賀東招二 終わるデイ・バイ・デイ ― フルメタル・パニック!

戦場からの転校生・相良宗介と、そんな彼を見守ることになる同級生・千鳥かなめとのラブコメ学園戦場物語シリーズ本編4巻。宗介とかなめが繋ぎとめようとした日常も、巨大組織”ミスリル”の手によって終わろうとしていた。謎のアーム・スレイブが香港に出現。出ては消えするASに、南北中国で戦争が起ころうとしていた。無条件で突きつけられた任務の中で、宗介は自分という存在の矛盾に気づいていくが……。
宗介の戦場という日常、かなめと一緒にいた学校という日常。今まで短編で書かれていた笑いあり、涙ありのコメディだった世界が、長編4作目にして、彼らの心情を揺るがし始める。宗介自身が組織にも、学校にも、矛盾が生じる存在だと気づいていく過程も素晴らしいが、彼を信じる裏方たちの動きが物語を熱くしてくれる。今までのアニメのようなパニック・ロボット小説、キャラクタ・コメディ小説かと思わせながら、ここにきて奇跡的な合体をしてくれるとは……。
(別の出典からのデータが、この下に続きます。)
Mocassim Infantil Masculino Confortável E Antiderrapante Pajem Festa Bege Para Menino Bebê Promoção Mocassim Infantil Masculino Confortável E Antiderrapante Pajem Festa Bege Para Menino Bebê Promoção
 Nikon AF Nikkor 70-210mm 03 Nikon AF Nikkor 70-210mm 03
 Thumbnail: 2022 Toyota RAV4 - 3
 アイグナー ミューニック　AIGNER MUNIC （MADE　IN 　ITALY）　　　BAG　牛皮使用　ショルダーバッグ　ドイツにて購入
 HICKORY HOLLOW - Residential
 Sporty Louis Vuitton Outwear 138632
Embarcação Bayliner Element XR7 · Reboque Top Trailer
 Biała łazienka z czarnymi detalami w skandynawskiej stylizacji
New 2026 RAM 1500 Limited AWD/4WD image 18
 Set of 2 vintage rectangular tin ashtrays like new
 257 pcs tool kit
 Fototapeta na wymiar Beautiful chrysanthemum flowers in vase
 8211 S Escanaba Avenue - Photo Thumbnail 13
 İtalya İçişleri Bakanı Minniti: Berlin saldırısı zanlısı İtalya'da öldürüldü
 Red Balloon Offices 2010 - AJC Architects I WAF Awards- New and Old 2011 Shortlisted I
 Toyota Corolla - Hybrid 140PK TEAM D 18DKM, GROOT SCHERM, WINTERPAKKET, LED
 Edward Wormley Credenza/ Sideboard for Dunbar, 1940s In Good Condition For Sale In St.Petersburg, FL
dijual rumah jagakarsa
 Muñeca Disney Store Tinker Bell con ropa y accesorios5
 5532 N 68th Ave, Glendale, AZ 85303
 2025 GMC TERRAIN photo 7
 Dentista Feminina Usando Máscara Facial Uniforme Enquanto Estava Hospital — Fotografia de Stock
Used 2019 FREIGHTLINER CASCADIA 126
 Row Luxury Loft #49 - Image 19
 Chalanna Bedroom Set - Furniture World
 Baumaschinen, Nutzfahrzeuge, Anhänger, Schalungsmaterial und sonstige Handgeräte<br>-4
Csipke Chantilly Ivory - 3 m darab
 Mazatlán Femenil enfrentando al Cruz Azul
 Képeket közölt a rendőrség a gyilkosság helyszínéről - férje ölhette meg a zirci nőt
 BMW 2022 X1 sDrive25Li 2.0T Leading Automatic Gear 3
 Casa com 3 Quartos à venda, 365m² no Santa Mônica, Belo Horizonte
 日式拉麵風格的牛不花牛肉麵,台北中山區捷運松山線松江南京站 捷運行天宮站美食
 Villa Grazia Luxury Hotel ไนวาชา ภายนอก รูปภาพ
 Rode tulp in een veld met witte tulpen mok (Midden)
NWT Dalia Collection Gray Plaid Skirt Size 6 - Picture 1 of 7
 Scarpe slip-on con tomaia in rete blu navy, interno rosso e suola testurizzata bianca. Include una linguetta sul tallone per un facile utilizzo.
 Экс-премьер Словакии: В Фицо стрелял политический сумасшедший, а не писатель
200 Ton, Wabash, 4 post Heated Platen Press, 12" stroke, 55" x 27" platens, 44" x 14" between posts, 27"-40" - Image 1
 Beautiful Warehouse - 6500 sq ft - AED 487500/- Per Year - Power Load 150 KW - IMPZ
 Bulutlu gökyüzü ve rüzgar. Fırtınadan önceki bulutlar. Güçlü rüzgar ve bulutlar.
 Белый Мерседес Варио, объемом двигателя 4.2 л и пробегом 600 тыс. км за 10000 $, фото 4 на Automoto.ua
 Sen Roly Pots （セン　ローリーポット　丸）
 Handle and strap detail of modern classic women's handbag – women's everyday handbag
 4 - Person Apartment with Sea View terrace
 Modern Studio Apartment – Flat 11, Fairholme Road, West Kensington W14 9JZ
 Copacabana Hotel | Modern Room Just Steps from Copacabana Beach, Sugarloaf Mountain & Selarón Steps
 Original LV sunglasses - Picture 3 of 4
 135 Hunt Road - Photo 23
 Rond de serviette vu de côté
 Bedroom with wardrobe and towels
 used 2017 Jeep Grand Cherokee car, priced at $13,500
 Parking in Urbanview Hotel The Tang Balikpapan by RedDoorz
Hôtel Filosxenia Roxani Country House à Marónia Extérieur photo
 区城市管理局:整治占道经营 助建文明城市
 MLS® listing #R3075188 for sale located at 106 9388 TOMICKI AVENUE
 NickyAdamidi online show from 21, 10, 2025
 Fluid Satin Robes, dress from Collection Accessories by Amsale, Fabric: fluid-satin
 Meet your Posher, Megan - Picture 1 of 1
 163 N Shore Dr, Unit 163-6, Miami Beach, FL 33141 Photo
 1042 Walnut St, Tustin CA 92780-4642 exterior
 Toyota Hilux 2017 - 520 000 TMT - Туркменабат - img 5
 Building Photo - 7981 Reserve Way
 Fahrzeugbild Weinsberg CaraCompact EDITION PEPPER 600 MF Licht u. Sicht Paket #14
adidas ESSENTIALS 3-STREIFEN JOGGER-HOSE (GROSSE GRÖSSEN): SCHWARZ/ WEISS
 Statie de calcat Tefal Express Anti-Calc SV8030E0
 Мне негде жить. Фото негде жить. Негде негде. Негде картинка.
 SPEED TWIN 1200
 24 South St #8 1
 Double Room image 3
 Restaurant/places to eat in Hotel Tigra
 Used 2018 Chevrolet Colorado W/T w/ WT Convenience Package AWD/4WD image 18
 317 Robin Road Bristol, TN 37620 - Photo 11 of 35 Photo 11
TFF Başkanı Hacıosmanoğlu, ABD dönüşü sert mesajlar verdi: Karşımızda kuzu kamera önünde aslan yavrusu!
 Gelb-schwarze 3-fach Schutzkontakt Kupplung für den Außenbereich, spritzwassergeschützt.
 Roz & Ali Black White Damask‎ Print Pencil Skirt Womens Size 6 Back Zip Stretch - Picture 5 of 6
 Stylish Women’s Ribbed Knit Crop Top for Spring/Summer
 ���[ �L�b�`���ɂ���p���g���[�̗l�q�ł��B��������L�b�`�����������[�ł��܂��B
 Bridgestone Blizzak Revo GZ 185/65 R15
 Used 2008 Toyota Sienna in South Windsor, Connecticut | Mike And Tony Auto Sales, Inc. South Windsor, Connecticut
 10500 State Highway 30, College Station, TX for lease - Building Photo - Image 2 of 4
そしてテッサと副長マデューカスの口論は涙なしには読めない。強襲揚陸潜水艦トゥアハー・デ・ダナン艦長テレサ・テスタロッサが唯一手にしたのは戦い、生き残るための日常。恋さえも軍紀に反すると言われ、それでも……。恥ずかしながら文字が読めないほど、泣きに泣いた。